1.3 Subject to the satisfaction of each of the conditions set forth in Article IV and Article V hereof (to the extent not waived in accordance therewith), the closing of the Exchange (the “Closing”) shall take place remotely immediately prior to the closing of a firm-commitment underwritten public offering of the Company’s Voting Common Stock pursuant to the Company’s Registration Statement on Form S-1 (file number 333-253329) (the “IPO”) (the date on which such Closing occurs is hereinafter referred to as the “Closing Date”).
Article II: Covenants, Representations and Warranties of Each Investor
Each Investor, severally and not jointly, hereby covenants as follows, and makes the following representations and warranties, each of which is and shall be true and correct on the date hereof and at the Closing, to the Company and all such covenants, representations and warranties shall survive the Closing.
2.1. Power and Authorization. The Investor is duly organized, validly existing and in good standing, and has the power, authority and capacity to execute and deliver this Agreement, to perform its obligations hereunder, and to consummate the Exchange contemplated hereby.
2.2. Valid and Enforceable Agreement; No Violations. This Agreement has been duly executed and delivered by the Investor and constitutes a legal, valid and binding obligation of the Investor, enforceable against the Investor in accordance with its terms, except that such enforcement may be subject to (a) bankruptcy, insolvency, fraudulent transfer, reorganization, moratorium or other similar laws affecting or relating to enforcement of creditors’ rights generally, and (b) general principles of equity, whether such enforceability is considered in a proceeding at law or in equity (the “Enforceability Exceptions”). This Agreement and the consummation of the Exchange will not materially violate, conflict with or result in a breach of or default under (i) the Investor’s organizational documents, (ii) any agreement or instrument to which the Investor is a party or by which the Investor or any of its assets are bound, or (iii) any laws, regulations or governmental or judicial decrees, injunctions or orders applicable to the Investor.
2.3. Title to Preferred Exchange Stock. The Investor is the sole legal and beneficial owner of the Preferred Exchange Stock set forth opposite such Investor’s name on Exhibit A hereto. The Investor has good and valid title to its Preferred Exchange Stock, free and clear of any Liens, other than restrictions on transfer under applicable securities. The Investor has not, in whole or in part, except as described in the preceding sentence, (a) assigned, transferred, hypothecated, pledged, exchanged, syndicated, endorsed or otherwise disposed of any of its Preferred Exchange Stock or any of its rights in any of its Preferred Exchange Stock, or (b) given any person or entity any transfer order, power of attorney, endorsement or other authority of any nature whatsoever with respect to its Preferred Exchange Stock. Upon the Investor’s delivery of its Preferred Exchange Stock to the Company pursuant to the Exchange, the Preferred Exchange Stock shall be free and clear of all Liens created by the Investor, other than restrictions on transfer under applicable securities laws.

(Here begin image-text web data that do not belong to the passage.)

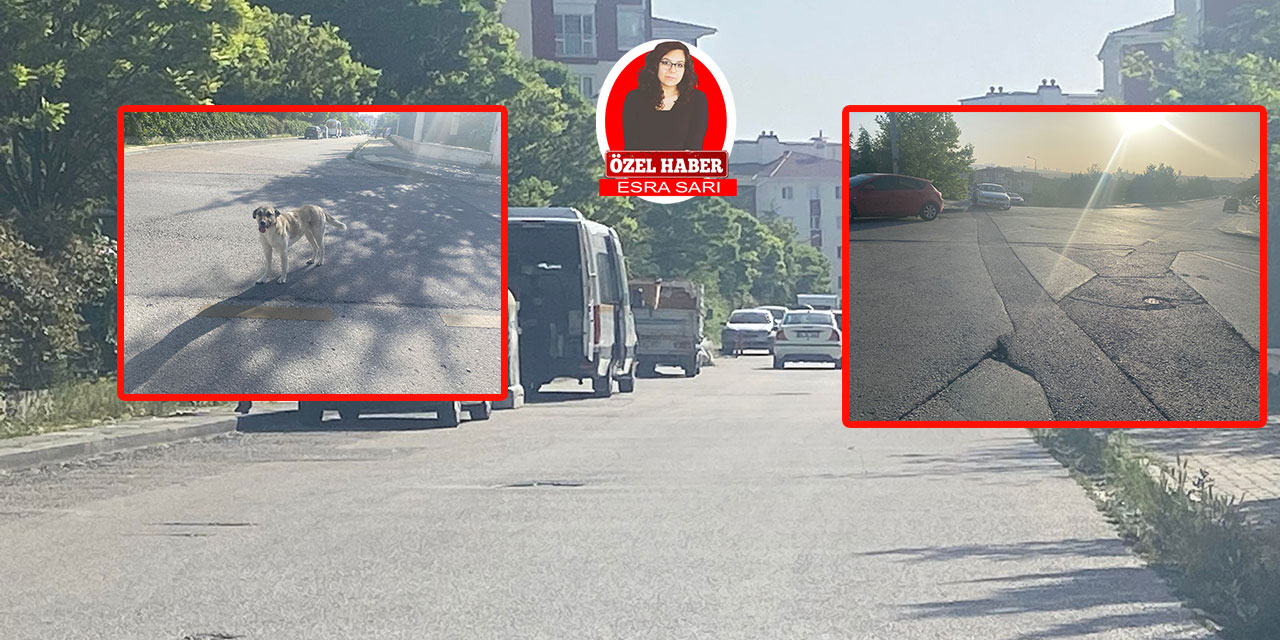 Gölbaşı’nda sahipsiz sokak hayvanı ve yol sorunu!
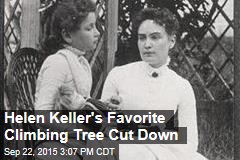 Helen Keller&#39;s Favorite Climbing Tree Cut Down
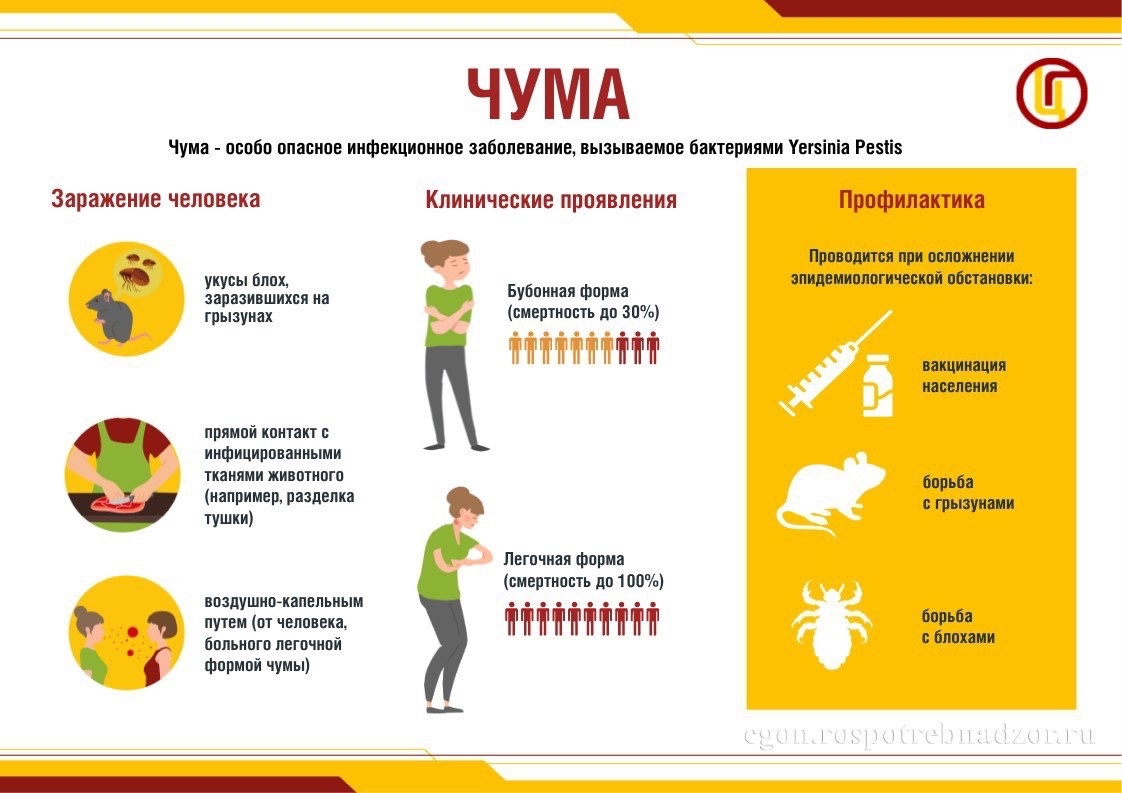 Чума – особо опасная инфекция.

2.4. No Reliance. The Investor is not relying, and has not relied, upon any statement, advice (whether accounting, tax, financial, legal or other), representation or warranty made by the Company or any of its affiliates or representatives, except for the representations and warranties made by the Company in this Agreement.
2.5. Tax Consequences of the Exchange. The Investor understands that the tax consequences of the Exchange will depend in part on its own tax circumstances. The Investor acknowledges that it must consult its own tax adviser about the federal, foreign, state and local tax consequences peculiar to its circumstances.